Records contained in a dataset
-=-=-
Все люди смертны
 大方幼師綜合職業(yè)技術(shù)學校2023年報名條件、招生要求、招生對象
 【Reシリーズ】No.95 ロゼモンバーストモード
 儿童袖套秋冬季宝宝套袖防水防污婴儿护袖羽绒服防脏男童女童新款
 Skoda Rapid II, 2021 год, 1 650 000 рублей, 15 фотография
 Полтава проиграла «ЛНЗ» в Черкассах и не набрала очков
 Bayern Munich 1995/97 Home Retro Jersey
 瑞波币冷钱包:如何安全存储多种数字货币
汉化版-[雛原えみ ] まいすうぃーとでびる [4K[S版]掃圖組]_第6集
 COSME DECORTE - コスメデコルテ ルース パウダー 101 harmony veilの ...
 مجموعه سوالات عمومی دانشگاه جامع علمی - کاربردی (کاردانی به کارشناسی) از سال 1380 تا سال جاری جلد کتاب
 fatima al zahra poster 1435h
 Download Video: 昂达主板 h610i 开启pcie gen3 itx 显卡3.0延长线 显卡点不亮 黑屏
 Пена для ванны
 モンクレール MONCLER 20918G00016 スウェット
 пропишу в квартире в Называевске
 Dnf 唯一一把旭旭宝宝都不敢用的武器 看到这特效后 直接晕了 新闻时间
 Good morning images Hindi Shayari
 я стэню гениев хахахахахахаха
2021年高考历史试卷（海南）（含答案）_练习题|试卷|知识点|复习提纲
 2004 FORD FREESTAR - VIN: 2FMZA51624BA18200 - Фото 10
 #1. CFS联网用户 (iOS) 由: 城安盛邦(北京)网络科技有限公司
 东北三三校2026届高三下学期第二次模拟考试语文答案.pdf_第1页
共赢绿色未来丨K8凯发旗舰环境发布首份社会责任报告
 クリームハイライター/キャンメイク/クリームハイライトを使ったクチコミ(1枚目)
-=-=-
Aim of the task:
Please return exactly the lines from the one containing "#1. CFS联网用户 (iOS) 由: 城安盛邦(北京)网络科技有限公司" through the end of the entries above, adding no other line.

Solution to the problem:
 #1. CFS联网用户 (iOS) 由: 城安盛邦(北京)网络科技有限公司
 东北三三校2026届高三下学期第二次模拟考试语文答案.pdf_第1页
共赢绿色未来丨K8凯发旗舰环境发布首份社会责任报告
 クリームハイライター/キャンメイク/クリームハイライトを使ったクチコミ(1枚目)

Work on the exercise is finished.